Let your emotions get the better of you

Research psychologist Paul Ekman's famous list of the 'universal basic emotions' includes anger, surprise, disgust, happiness, fear and sadness. Picture: Shutterstock

Politically-emotionable readers, lend me your ears!

I ask you to lubricate your imaginations, to climb into your (fully-electric) time machines and come forward in time with me to the night of the day (let us say it is March 26) of the looming federal election.

The night's trickle of incoming results becomes a cascade. Then at about 10.07pm Antony Green (the authoritative god of psephology) trills that Scott Morrison's coalition has been exorcised from government and that Albo's Labor Party has been elected to power. At that moment, politically-emotionable readers, which primary emotion will be stirred in your bosoms? Will it (inexplicably) be sadness at ScoMo's defeat or will it (understandably, rationally, decently) be happiness at Labor's victory?

But wait! Whichever of those polarised emotions you are possessed by, will the words "sadness" or "happiness" really do that emotion justice as a descriptor, as its label?

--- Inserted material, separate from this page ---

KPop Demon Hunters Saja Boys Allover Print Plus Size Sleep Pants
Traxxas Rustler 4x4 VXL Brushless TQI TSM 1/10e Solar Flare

In this supercalifragilistically etymological context your columnist, a words-intoxicated wordmonger, is delighting in a new online piece by Meghan Racklin called Show Some Emotion.

Racklin looks at attempts (some of them delightfully modern and new-word inventing) to categorise and label human emotions. All these attempts fail, she argues respectfully and amiably (and correctly, too, in my opinion), since our emotions are too amorphous, elusive and complex for mere words to ever properly get a grip on them. We might as well try to catch the wind.

In these unusually emotional times, discussion of the emotions seems especially necessary. I've just singled out the labels sorrow and happiness because they famously star in research psychologist Paul Ekman's famous list of the six "universal basic emotions". He later added an invaluable seventh - contempt - without which lots of us might struggle to label our feelings about prime minister Scott Morrison.

Ekman's basic list of anger, surprise, disgust, happiness, fear, sadness and contempt will strike some of us (especially those of us who are always our emotions' playthings because we have tender, poetic sensibilities) as an unsatisfactorily short shortlist. No wonder then that other respected researchers, building on Ekman's pioneering model, have since come up with lists of as many as 27 emotions.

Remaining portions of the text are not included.